WORK TASK => Work through the entries below and show every line in which "Casual" is found.

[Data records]
########################################
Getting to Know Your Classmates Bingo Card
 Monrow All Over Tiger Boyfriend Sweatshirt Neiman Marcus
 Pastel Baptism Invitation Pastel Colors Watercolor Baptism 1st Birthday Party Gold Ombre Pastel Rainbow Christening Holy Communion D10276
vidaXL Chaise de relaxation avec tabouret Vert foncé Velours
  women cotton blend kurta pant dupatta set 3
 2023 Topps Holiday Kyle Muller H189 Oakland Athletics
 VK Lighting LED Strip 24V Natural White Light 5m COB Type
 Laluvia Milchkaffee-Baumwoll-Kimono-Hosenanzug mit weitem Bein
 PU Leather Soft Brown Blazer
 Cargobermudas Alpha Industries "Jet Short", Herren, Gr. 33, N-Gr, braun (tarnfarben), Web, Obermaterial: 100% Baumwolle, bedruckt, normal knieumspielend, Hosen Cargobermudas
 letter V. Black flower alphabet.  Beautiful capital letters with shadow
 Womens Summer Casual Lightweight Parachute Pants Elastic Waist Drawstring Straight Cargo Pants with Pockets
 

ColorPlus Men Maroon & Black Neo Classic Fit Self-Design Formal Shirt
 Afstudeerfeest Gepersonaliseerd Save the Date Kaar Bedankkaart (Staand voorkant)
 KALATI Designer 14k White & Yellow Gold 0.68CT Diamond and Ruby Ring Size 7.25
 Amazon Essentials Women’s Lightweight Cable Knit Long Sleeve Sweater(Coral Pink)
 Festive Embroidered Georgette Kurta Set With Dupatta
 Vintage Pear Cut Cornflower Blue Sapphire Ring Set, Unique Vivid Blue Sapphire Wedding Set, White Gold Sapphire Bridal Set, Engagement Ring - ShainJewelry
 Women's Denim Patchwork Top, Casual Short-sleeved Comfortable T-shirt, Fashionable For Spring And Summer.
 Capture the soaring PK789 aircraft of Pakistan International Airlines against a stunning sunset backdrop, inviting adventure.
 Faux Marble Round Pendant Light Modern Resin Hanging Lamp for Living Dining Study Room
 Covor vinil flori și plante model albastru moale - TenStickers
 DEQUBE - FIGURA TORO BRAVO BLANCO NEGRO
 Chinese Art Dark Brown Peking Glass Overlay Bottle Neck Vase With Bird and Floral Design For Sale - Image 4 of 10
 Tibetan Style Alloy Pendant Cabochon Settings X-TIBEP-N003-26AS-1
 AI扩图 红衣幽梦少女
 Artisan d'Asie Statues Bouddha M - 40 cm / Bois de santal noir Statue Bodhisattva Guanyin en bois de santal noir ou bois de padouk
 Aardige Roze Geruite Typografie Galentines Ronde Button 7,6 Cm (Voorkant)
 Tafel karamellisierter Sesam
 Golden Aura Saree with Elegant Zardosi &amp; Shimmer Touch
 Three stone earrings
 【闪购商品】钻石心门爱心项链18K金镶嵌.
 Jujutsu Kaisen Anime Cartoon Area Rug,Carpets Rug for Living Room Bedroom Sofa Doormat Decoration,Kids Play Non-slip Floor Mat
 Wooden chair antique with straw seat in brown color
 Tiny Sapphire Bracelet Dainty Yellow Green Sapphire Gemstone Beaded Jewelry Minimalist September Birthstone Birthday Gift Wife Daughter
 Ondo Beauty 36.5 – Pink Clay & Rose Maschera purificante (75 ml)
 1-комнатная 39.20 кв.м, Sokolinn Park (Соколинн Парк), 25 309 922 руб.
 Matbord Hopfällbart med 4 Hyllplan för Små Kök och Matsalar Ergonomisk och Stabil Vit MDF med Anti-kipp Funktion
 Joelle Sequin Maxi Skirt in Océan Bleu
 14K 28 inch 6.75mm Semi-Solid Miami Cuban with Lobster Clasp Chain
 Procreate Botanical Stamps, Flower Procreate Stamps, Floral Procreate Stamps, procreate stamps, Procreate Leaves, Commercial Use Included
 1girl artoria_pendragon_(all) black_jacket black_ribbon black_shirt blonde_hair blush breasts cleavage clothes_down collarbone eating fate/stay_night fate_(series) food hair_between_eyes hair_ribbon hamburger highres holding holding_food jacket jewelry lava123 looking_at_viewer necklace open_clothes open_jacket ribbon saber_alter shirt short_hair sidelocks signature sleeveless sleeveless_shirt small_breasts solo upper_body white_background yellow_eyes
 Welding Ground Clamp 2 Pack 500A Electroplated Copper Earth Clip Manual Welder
########################################
REPLY =>
 Womens Summer Casual Lightweight Parachute Pants Elastic Waist Drawstring Straight Cargo Pants with Pockets
 Women's Denim Patchwork Top, Casual Short-sleeved Comfortable T-shirt, Fashionable For Spring And Summer.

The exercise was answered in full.